First of all, the paper industry is one of the major contributors to forest growth. This happens through managing its own plantations or through providing a market for by-products of the wood industry. In Europe pulp and paper mills use wood coming mostly from thinnings and by-products of the saw mills, while the noble part of the tree is used for furniture or construction. They contribute to a management of the forests that is economically viable and guarantees supply for the long term, or in other words, a sustainable management. Any evidence? While paper production in Europe has multiplied by four in the last 50 years, forests have grown by 30 percent and keep growing at a rate of 2-3 percent per year.

 

This is critically important as forests play a big role in combating the effect of climate change.
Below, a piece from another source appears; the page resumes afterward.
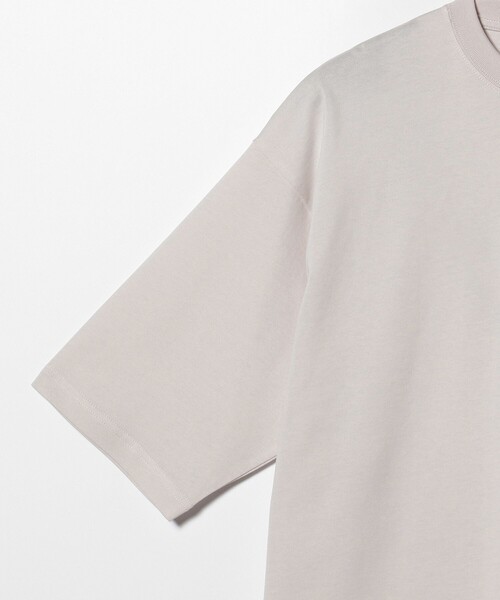 BEAMS(ビームス)の「BEAMS / ルーズ シルケット Tシャツ(Tシャツ/カットソー・メンズ・ブラック/ホワイト系その他6/ブラウン・S/M/L/XL)」の10枚目の写真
Growing forests absorb carbon dioxide from the atmosphere and convert it into carbohydrates by means of the process known as photosynthesis. The world’s forests therefore have the unique ability to absorb carbon dioxide from the atmosphere and to store it – both in the growing forest and in the timber and paper products that come from the forest. The more the forest grows and the more we use products from the forest, the better it is for the climate.

 

Secondly, paper production processes have become dramatically more energy efficient over recent years. Today European mills are on average 53 percent energy self sufficient, meaning that more than half of the energy consumed on site comes from biomass or by-products of the pulp making process. As an example, our Saillat mill in France is 85 percent energy self-sufficient which translates into a CO2 emissions of 112 kg/ton of paper, among the lowest in the world.

 

Thirdly, paper manufacturers are endeavouring to be more transparent and complete in their environmental communication. More and more implement a process of life-cycle assessment of their products, evaluating the entire value chain end to end, identifying the best opportunities to reduce environmental footprint and providing a common platform for discussions with customers and other stakeholders. This includes reducing existing carbon emissions, improving energy generation and ensuring that all of the wood fibres come from trees that were responsibly harvested.

 

Our mill in Saillat is in the process of finalising its carbon footprint calculation using the ADEME (Agence de l’Environnement et de la Maîtrise de l’Energie) methodology. The calculation will take into account the on-site emissions for manufacturing pulp and paper, the purchased electricity, the purchased fuel, such as fuel used by trucks between paper mill and finishing plant, the manufacturing and transport of raw materials (chemicals and packaging), the wood harvesting and transport to the mill, the mill installations (paper machine and buildings), the waste and effluents, the transportation of mill employees and the transportation of finished goods from mill to customers. This is the prolongation of our long-term environmental commitment.

 

The wood and paper industry is probably the only large-scale industrial system which is genuinely capable of satisfying future requirements with respect to sustainable development. When operated responsibly as is the case in Europe, it uses a renewable raw material, ecologically adapted forest management techniques and constantly improving processes, making it a virtuous player in the carbon cycle. It is up to each of us to use this great product just as responsibly.